The Group’s debt liabilities consist of the following two main categories: bank loans and borrowings and finance leases. Loan agreements were entered into mainly for the purposes of financing the investment and acquisition plan. The agreements were entered into for a period in excess of 5 years. The repayment of contracted obligations resulting from the executed loan agreements is made in PLN, EUR and CZK. As at 31 December 2018, the Group was using the main rolling stock components, vehicles and IT hardware under the finance lease agreements in effect. The agreements that are currently in effect were concluded for the term from 3 to 10 years in PLN, EUR and CZK. The collateral established to secure the repayment of liabilities is described in Note 7.5.
Items in foreign currencies
Reconciliation of debt liabilities
Net debt is construed by the Group as the sum of bank loans, borrowings and lease liabilities minus cash and cash equivalents and deposits longer than 3 months.
EBITDA is defined in the statement of profit or loss and other comprehensive income as operating profit plus depreciation and impairment losses. The Parent Company’s Management Board perceives EBITDA as a key performance measure.

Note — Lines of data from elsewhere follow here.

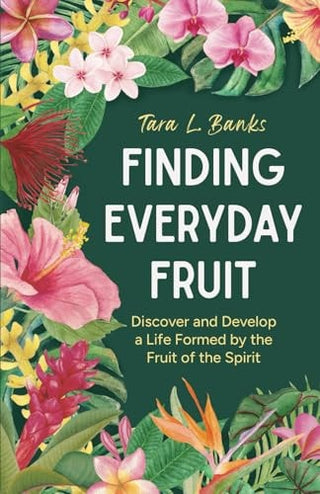 Finding Everyday Fruit: Discover and Develop a Life Formed by the Fruit of the Spirit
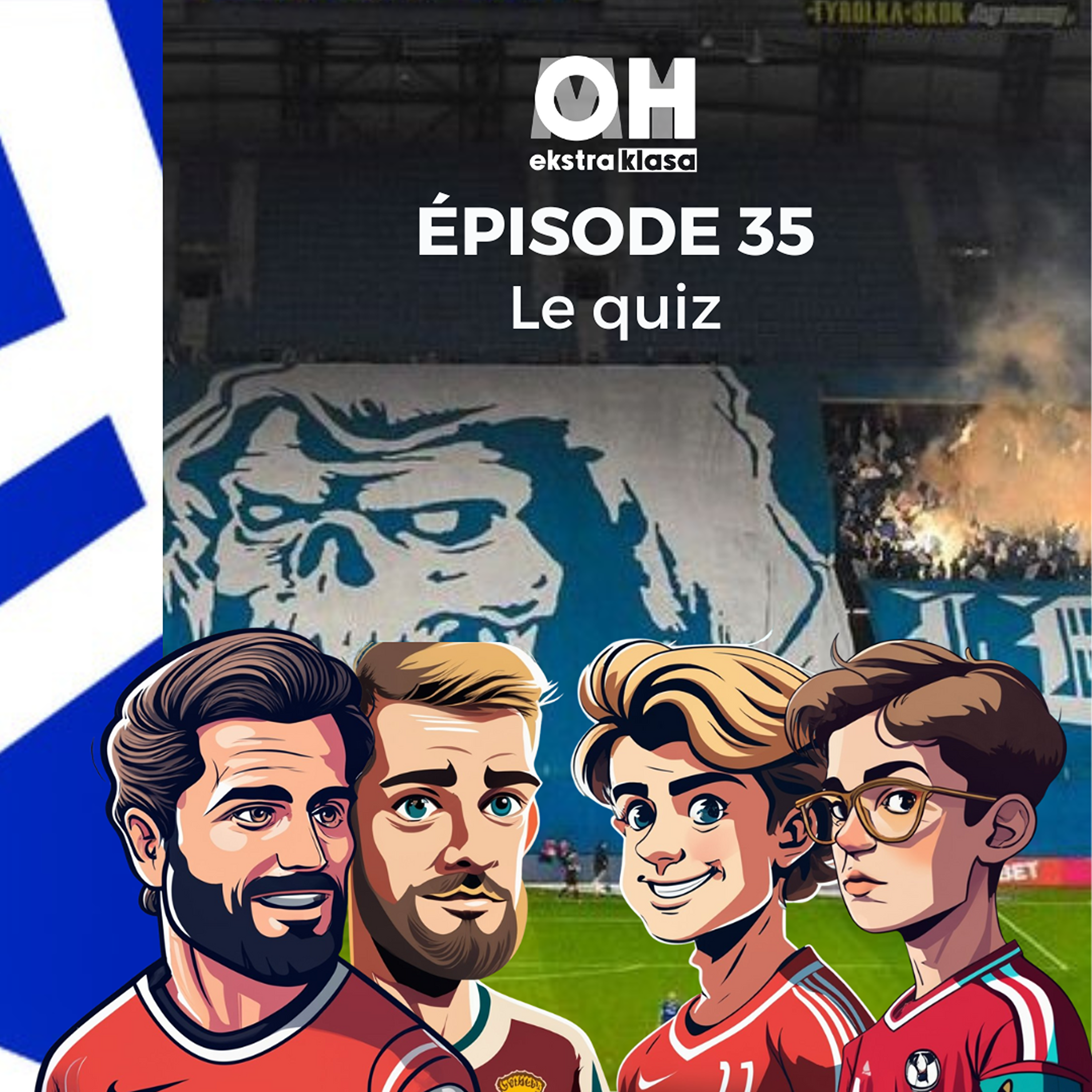 Le quizz (#4) - OhMyEkstraklasa Ep.35 episode artwork
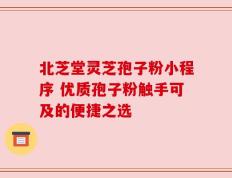 北芝堂灵芝孢子粉小程序 优质孢子粉触手可及的便捷之选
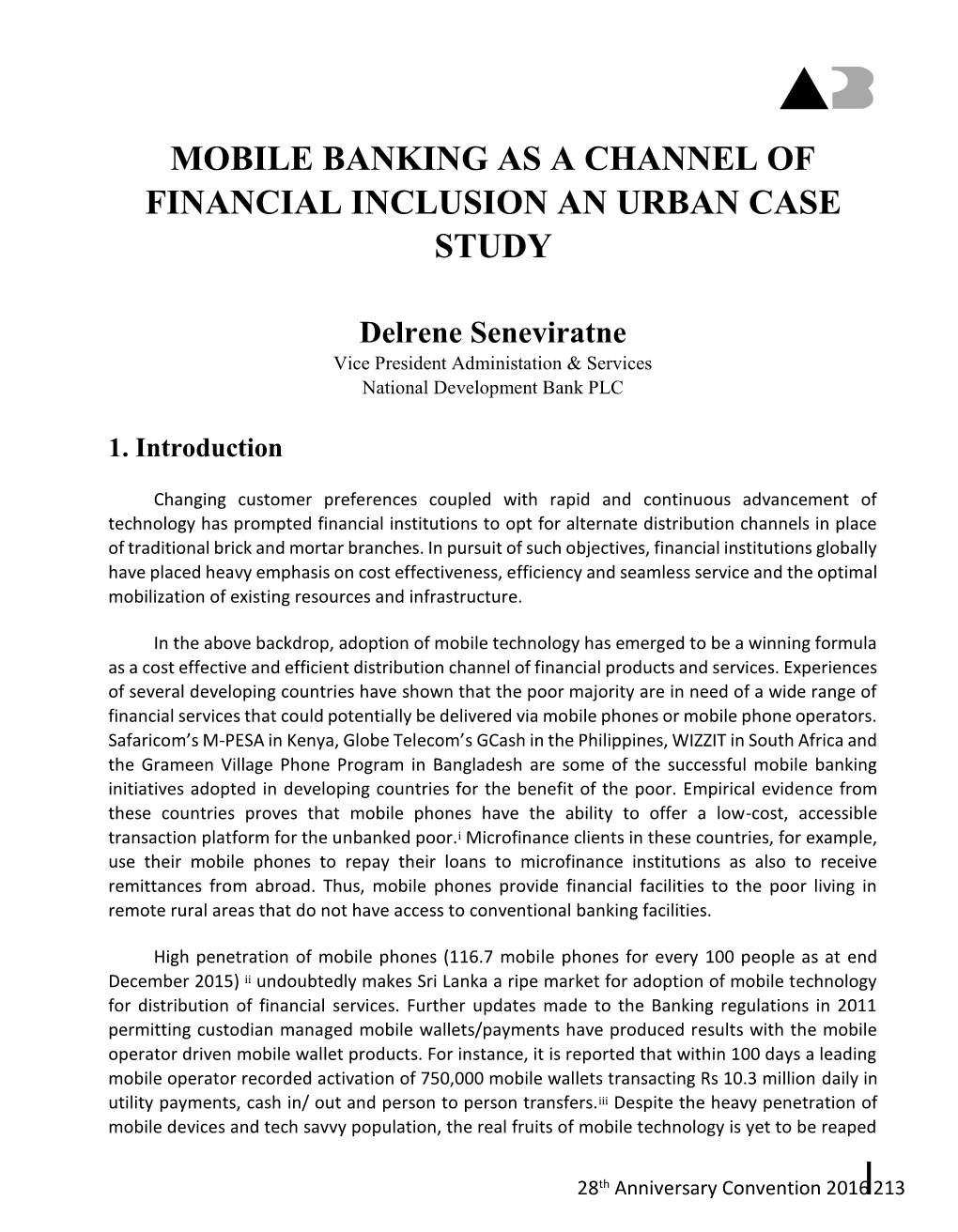 Mobile Banking As a Channel of Financial Inclusion an Urban Case Study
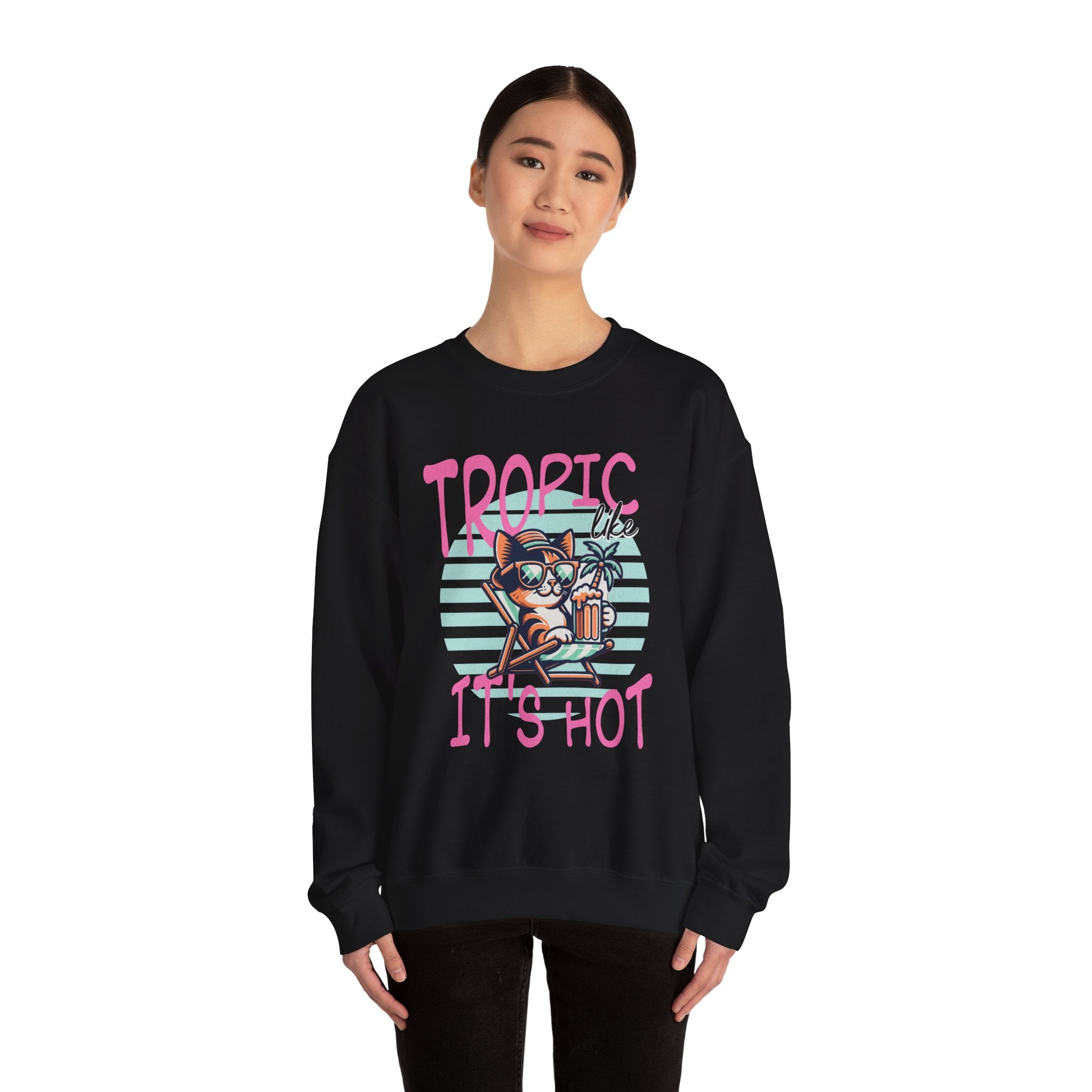 Tropic like it's Hot Tropical Sweatshirt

Net debt / EBITDA is one of the key indicators taken into consideration by the Parent Company’s Management Board in analysing financial liquidity and creditworthiness.
Unused credit lines
On 24 May 2018, an overdraft facility agreement was entered into by the Parent Company with Bank Polska Kasa Opieki S.A. for up to PLN 100 million. The facility will be available for a period of 12 months until 24 May 2019, with an option to extend the availability period by an additional 12 months, i.e. until 24 May 2020.
Breach of the terms and conditions of the loan agreements
As at 31 December 2018, there were no breaches of any loan agreements.